Answer:
The only possible value for x is 7.
Explanation:
Recognize that we are given two different equations for the area, A:
1) A = 63 in^2, and
2) A = x^2 - 16x + 126
These two equations must be equal to each other: A = A
and therefore,
x^2 - 16x + 126 = 63, which becomes x^2 - 16x + 63 = 0 if we subtract 63 from both sides.

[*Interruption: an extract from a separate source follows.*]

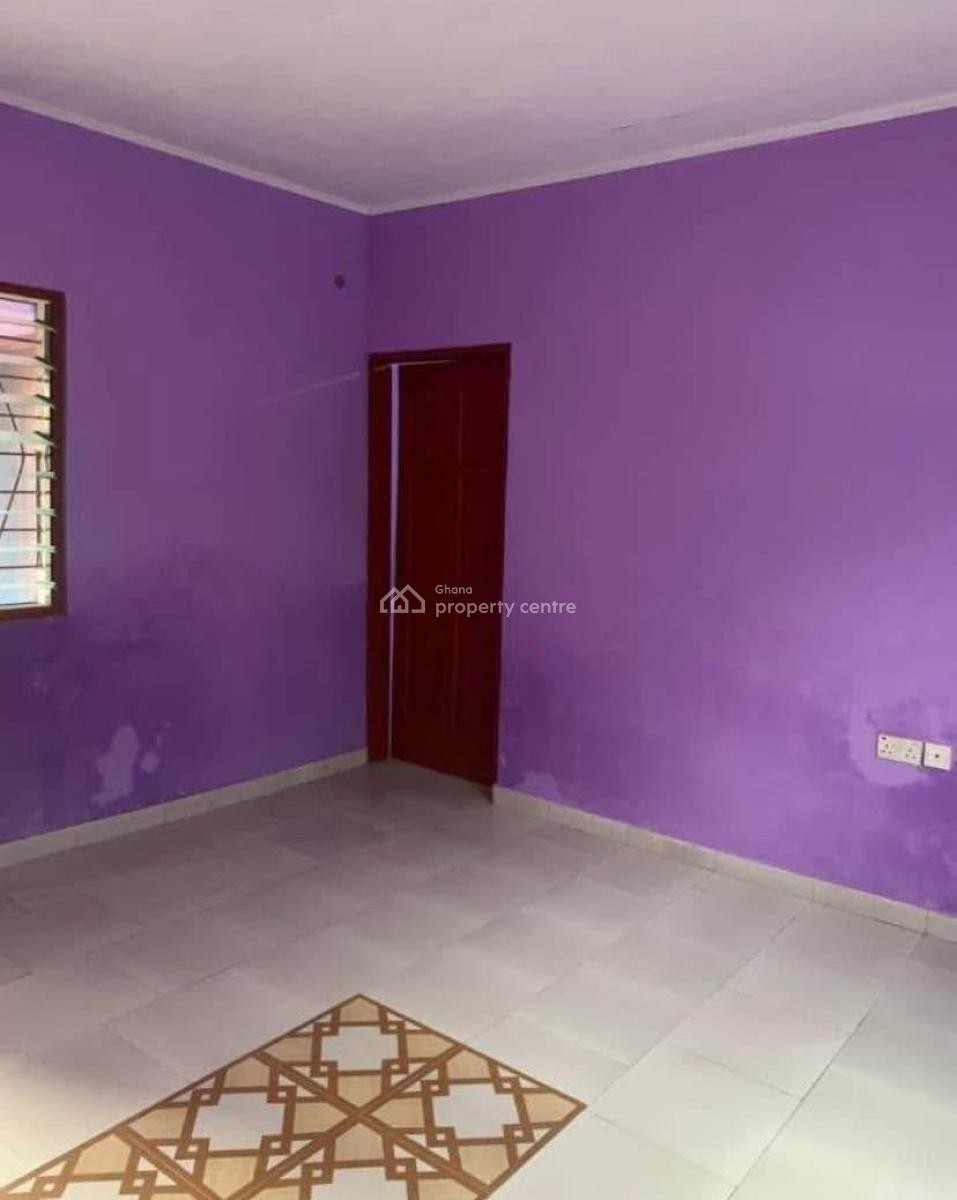 6 Bedrooms and 2 Stores @ Ablekuma Peace Village, Ablekuma Peace Village, Ga South Municipal, Accra, Block of Flats for Sale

Let's solve this using "completing the square." Take half of the coefficient of x (which coefficient is -16), halve it (obtaining -8) and square the result (obtaining 64). Now, between -16x and +63 (see the last equation, above), we write +64 - 64, obtaining:
x^2 - 16x + 64 - 64 + 63, which can be rewritten as:
(x - 8)^2 -1 = 0. Note that this has the form (x - h)^2 + k, and that h is 8 and k is -1. Thus, the associated parabolic graph has its vertex at (h, k), or (8, -1). This graph opens up. Because the vertex is below the x-axis, we know that the graph intersects the x-axis in two places.
Let's find these x values. Rewrite (x - 8)^2 -1 = 0 as (x - 8)^2 = 1. Squaring both sides results in x - 8 = 1, which simplifies to x = 9. This x = 9 is 1 greater than the x-coordinate of the vertex (8). Knowing tht the graph is symmetrical about the vertical line x = 8, we can safely assume that x = 7 is the other solution, as it is 1 unit to the left of x = 8.

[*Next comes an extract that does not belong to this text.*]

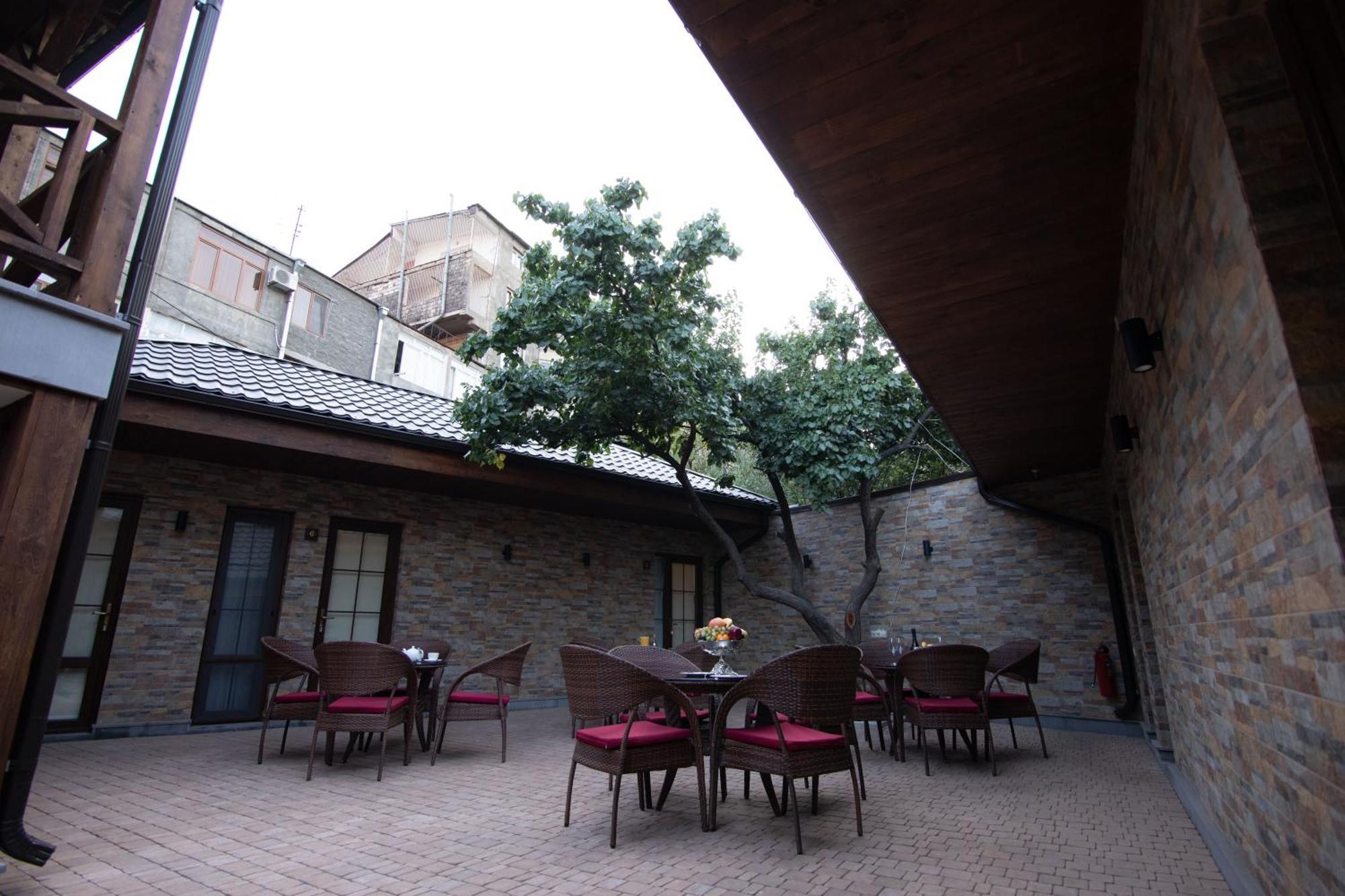 Boutique Living Hotel 예레반 외부 사진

Now we must check these possible solutions {7, 9}.
Evaluate the second equation at each 7 and 9 and determine whether the area turns out to be 63 in^2, as it must.
(7)^2 - 16(7) + 126 = 49 + 126 - 112, which in turn is equal to 63. Yes, x = 7 is a possible value for x.
Next: x = 9. (9)^2 - 16(9) + 126 = 81 - 112 + 126 = 95. This does not agree with A = 63 in^2, so we must reject x = 9.
The only possible value for x is 7.